Imagine we have a hardware wallet that can store all of these keys. Is that enough for security? Well, not really. If you're using a hardware wallet, then we assume our node is hacked. The attacker can open a channel with us, send a funded transaction, we send back a commitment transaction and we start to think the channel is open. On hardware wallets, we tend to have limited information about the lbockchain. So we think the channel is open, but the attacker uses this virtual non-existing channel to route through us. He transfers bitcoin to us, we automatically forward it through our real channels and real bitcoin and then we lose bitcoin. So we need a proof that the channel is open. It's an SPV proof that the transaction is included in the blockchain. However, this is insufficient. The attacker can open the channel, show us the proof, and then instantly close it. So the attacker just waits until the channel doesn't exist. So we need to pass all the blocks to the hardware wallet. We don't have a way to prove that a transaction is not included in a block; we could use a bloom filter I guess but people don't like SPV and lite clients. But such a filter would help with hardware wallets so that we don't have to parse the whole block and see if it was closed or not. So we do need block parsing.

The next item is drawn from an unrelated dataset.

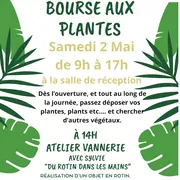 Bourse aux plantes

What if the attacker starts delaying the blockchain? He is sending the blocks with a certain delay and builds up this delay up to one of the locktimes. As the hardware wallet sees the past, the attacker can do the same attack again using the closed channel that is still open in the past in the mind of the hardware wallet. In the hardware wallet, we need to add a real-time clock. It's good that we have timestamps in bitcoin blocks, which are defined within a certain range of +/- 2 hours. If we see that blocks are delayed by more than 2 hours, then we can notify the user and stop signing things and stop routing transactions.
Finally, it would be nice to have a backup communication channel if the attacker tries to completely disconnect our hardware wallet. Watchtowers could work, or any kind of notification to the user that something is going wrong here.
Trusted nodes and initial hardware support
We can limit the behavior of the node to eliminate routing. We can only send and receive. The only way to lose the funds is routing through the nodes with the lightning payment. What we can enforce is to get a message signed on the hardware wallet with the key that we used to open the channel, and this message can be verified-- all hardware wallets support message signing, like "yes, I do want to send 1 millicoin with the payment hash of blah". Then you send it together with your other offers, your trusted node verifies it and then routes the payment. You can still receive payments without interacting with the hardware wallet. The trusted node can route the incoming receive request.
You can sign a message and define the limit, like "please route payments up to this amount x" and the trusted node can enforce that at most you will lose that amount you specified. It still relies on the trusted node to behave properly, but at least I would say that there is some additional security that we can gain.